E.M. : Nous sommes dans le quartier Gounghin-nord. Mais dans la réalité, ce quartier s’appelle Bomsonting, ça veut dire « le lieu où il fait bon vivre ». Nous sommes inscrits dans ce quartier depuis maintenant quatre ans, mais c’est véritablement cette année que nous sommes très présents, à travers le fait que nous avons investi toute une rue, que nous avons fait une implantation scénographique en lumière, en matière, en étoffe, et que surtout les cours adjacentes à cette rue, qui appartiennent à des familles ; les Compaoré, les Bazié, les Ladanbega, les Bationo, les Sib… Eh bien nous leur avons demandé s’il était possible que finalement nous puissions installer des univers théâtraux à l’intérieur de leurs cours. Ce qu’ils ont accepté. Et ça donne aujourd’hui des théâtres assez atypiques.

RFI : Votre ambition, c’est de faire du Festival des Récréâtrales le marché du spectacle vivant. Ce marché a existé à Abidjan et il s’appelait le MASA. Il n’existe plus et vous souhaitez qu’il soit repris à Ouagadougou ?

E.M. : Oui. Le marché des arts du spectacle d’Abidjan avait cette force et cette particularité, de créer véritablement un espace de diffusion, un espace de marché pour les professionnels et l’entrée des artistes. Mais depuis, avec la situation de la Côte d’Ivoire, la guerre et le processus de normalisation qui a tardé à se mettre en œuvre, eh bien, le MASA est mort. Il fallait évidemment, qu’ailleurs sur le continent, d’autres espaces puissent naître. C’était un besoin vital d’avoir un marché. On ne peut pas créer et ne pas savoir tourner. On ne peut pas créer et ne pas savoir en vivre. Donc pour nous, l’ambition, c’est de faire d’Ouagadougou la destination marché pour le théâtre, à travers le projet des Récréâtrales.

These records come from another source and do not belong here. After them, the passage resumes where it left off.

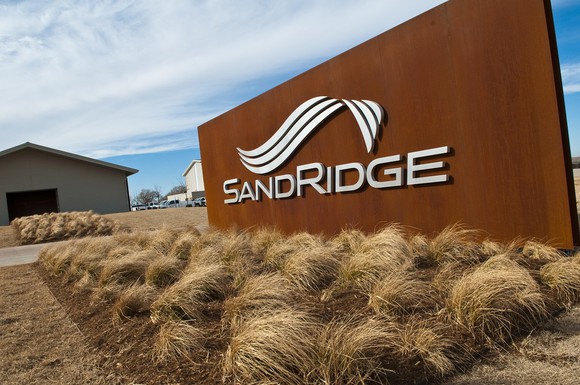 SandRidge logo on a sign in front of a building facility.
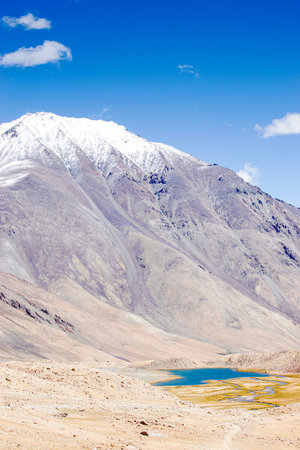 View of lake and river with snowy mountain peak at Chang La , southern pass, a high mountain pass in...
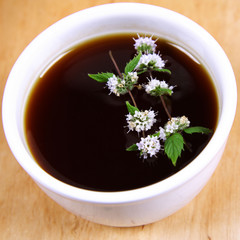 White Bowl of tea with mint twigs
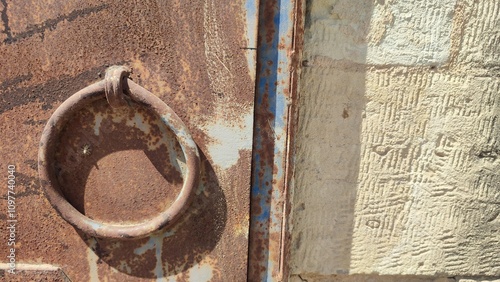 old metal door with a round handle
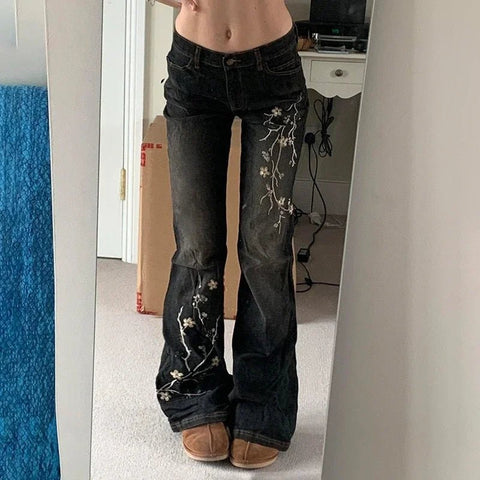 Person wearing black jeans with floral embroidery in a room.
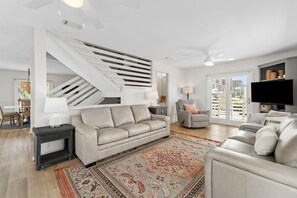 Una sala de estar moderna con un sofá, una mesa de centro, un televisor y una escalera.
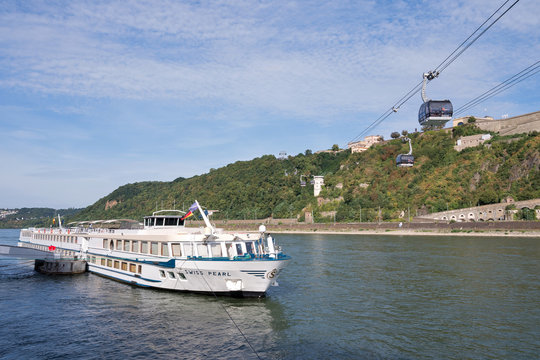 KOBLENZ, GERMANY - September 2, 2016: river cruise ship SWISS PEARL with Rhine cable car and Fortress Ehrenbreitstein in the background. SWISS PEARL has a capacity of 123 passengers.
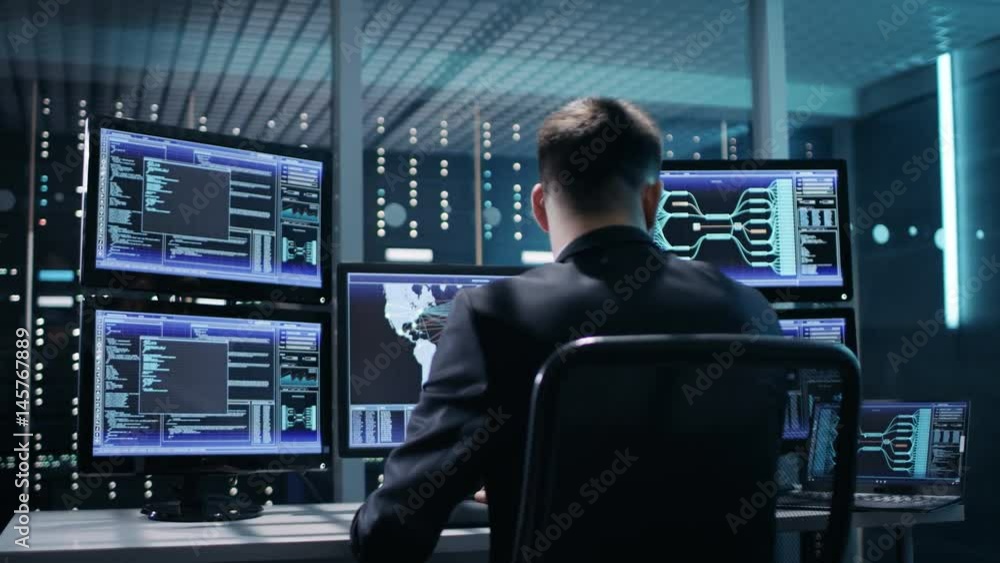 Back View of Technical Controller/ Operator Working at His Workstation with Multiple Displays. Possible Power Plant/ Airport Dispatcher/ Dam Worker/ Government Surveillance/ Space Program Back View of Technical Controller/ Operator Working at His Workstation with Multiple Displays. Possible Power Plant/ Airport Dispatcher/ Dam Worker/ Government Surveillance/ Space Program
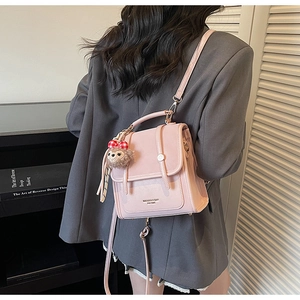 Detailed back view of a pink retro backpack with plush bear charm and leather straps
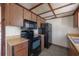 Kitchen featuring wood cabinetry and black appliances at 2614 E Liberty St, Tampa, FL 33612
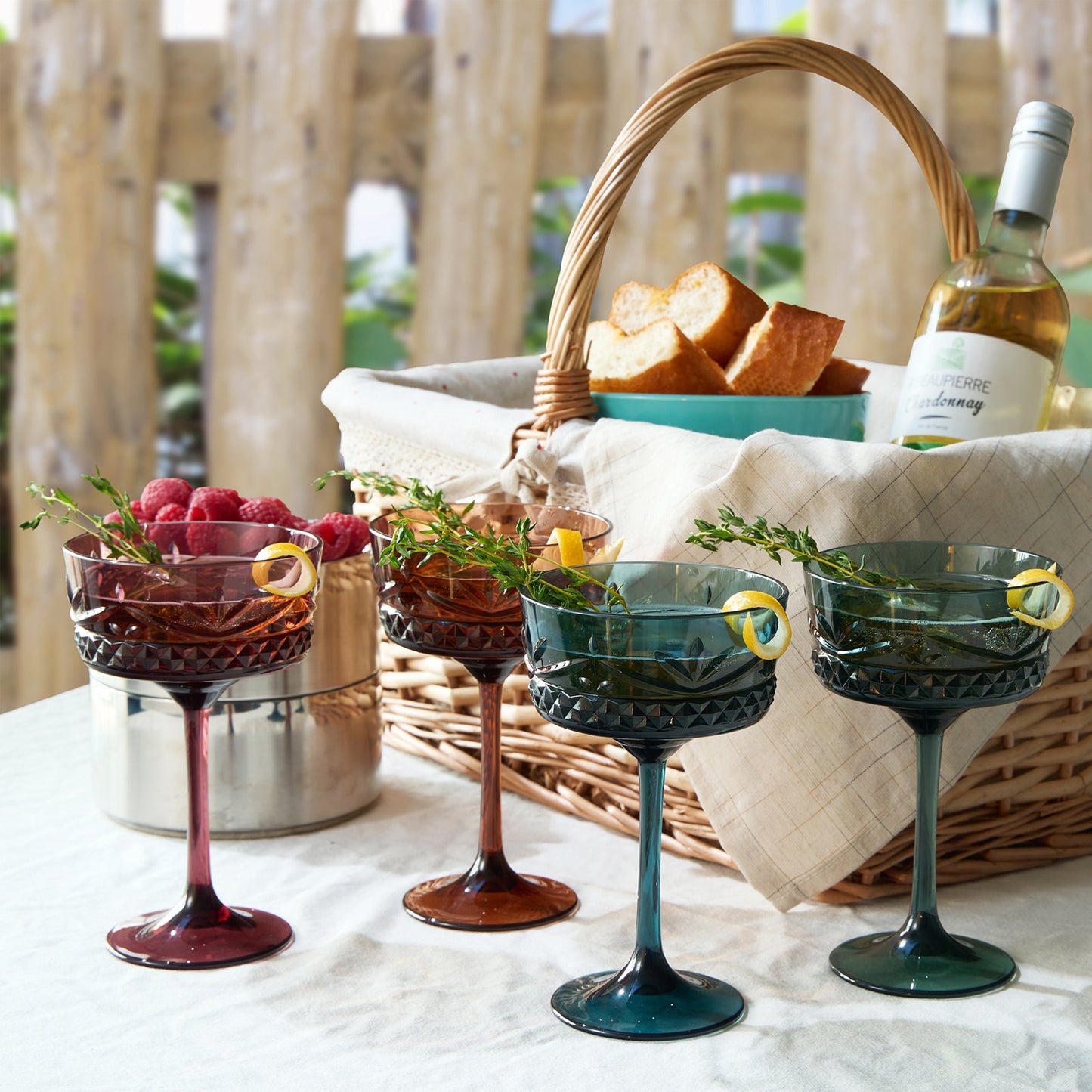 Set of 4 cocktail coupe glasses with faceted crystal-style bowls in dark red, amber, green, blue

RFI : Qu’est-ce que vous accueillez cette année, en matière de diffuseur, de producteur, d’administrateur de théâtre ?

E.M. : Nous avons ici une quarantaine de programmateurs, directeurs de festivals et tourneurs, qui sont là. Il y a d’abord les directeurs de festivals d’Afrique, le festival de théâtre du Bénin, le festival de théâtre de la fraternité de Lomé et nous avons le directeur du festival Femmes en Scène en Côte d’Ivoire, Mantsina sur Scène à Brazzaville, nous avons le Festival des réalités, nous allons avoir aussi Macodou Mbengue du Sénégal…

RFI : Et puis il y a aussi beaucoup qui viennent d’Europe.

E.M. : Je suis heureux de constater que cette année, Vincent Baudriller, le directeur du festival d’Avignon, est là. La directrice du festival des Francophonies en Limousin est là, il y a des Allemands, des Suisses, des Français, des Belges. Cela veut dire, que le travail que nous avons pu faire depuis quelques années, commence à être connu, à être reconnu. Les artistes peuvent avoir la chance de se mettre dans le marché international, avec des propositions fortes et originales, qui intéressent aussi les publics.